One producer that is making a big splash is Argiolas (, a family-owned winery that was started in the early 1900’s in the commune of Serdiana in southern Sardinia. The commune is roughly 12 miles north of the capital city of Cagliari. Here in Sedriana the Argiolas family owns several vineyard parcels, planted with mostly traditional Sardinian varietals. The family also owns vineyards in adjoining communes, Parteolla, Siurgus, Selegas and Guamaggiore. Overall, Argiolas has over 500 acres under vine in some of the most prized areas of Sardinia. The variety of soil, climate and elevation of their many properties gives them an opportunity to truly showcase the many indigenous grapes known only to Sardinia.


Two wines of note that I have enjoyed recently are the Costera and the Perdera, both wines in the Argiolas Tradition, or “mid-priced” category.

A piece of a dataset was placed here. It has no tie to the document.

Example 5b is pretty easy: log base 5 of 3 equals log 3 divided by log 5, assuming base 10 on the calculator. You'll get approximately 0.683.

The Costera is a Cannonau di Sardegna (DOC) wine. The varietal is Cannonau, or Grenache as it is known in France and was brought by the Romans to Sardinia from Spain. The grapes are sourced from several vineyards, with the predominant soil having limestone, and clay elements, with a medium, loose mixture of small and medium-sized stones and pebbles. The climate is predominantly Mediterranean, with mild winters, limited rainfall, and very hot and windy summers. The wine is produced in a state-of-the-art facility employing temperature controlled primary fermentation, lasting about 12 days following maceration. Full malolactic is employed to soften the acids and the wine is then aged in small oak cooperage for up to 10 months. The wine is unfiltered, but mildly fined to remove some sediment. The wine itself has a bright, ruby and garnet color with a lively, spicy nose. On the palate, the wine exhibits red fruit notes with moderate tannin and acid providing good structure and balance. Not intended for long-term aging, the wine is drinking very well, although some bottle age will integrate the tannins.

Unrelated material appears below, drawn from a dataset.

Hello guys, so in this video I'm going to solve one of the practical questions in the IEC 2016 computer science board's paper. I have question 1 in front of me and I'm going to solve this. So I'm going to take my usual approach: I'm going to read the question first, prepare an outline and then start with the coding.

The Perdera is a Monica di Sardegna (DOC) wine. Monica is a red grape that is almost solely grown in Sardinia. Like Cannanau, the grape originated in Spain, but it is no longer grown there. The grapes are sourced from several vineyards, again with limestone and clay structure and loose gravel top soil. The climate is Mediterranean, again with very limited rainfall, only averaging about 21 inches per year. Like the Costera, fermentation is temperature controlled, lasting about 10 days allowing a moderate extraction of tannin and pigment. The wine is again unfiltered and is aged in small oak cooperage for up to 8 months. The wine has a bright, ruby complexion with dark undertones and a spicy, lightly jammy nose. On the palate, the wine exhibits cherry and berry fruit with a hint of “sweetness.” The wine is structured, but possesses roundness with a smooth finish. Not intended for long-term again and drinking nicely.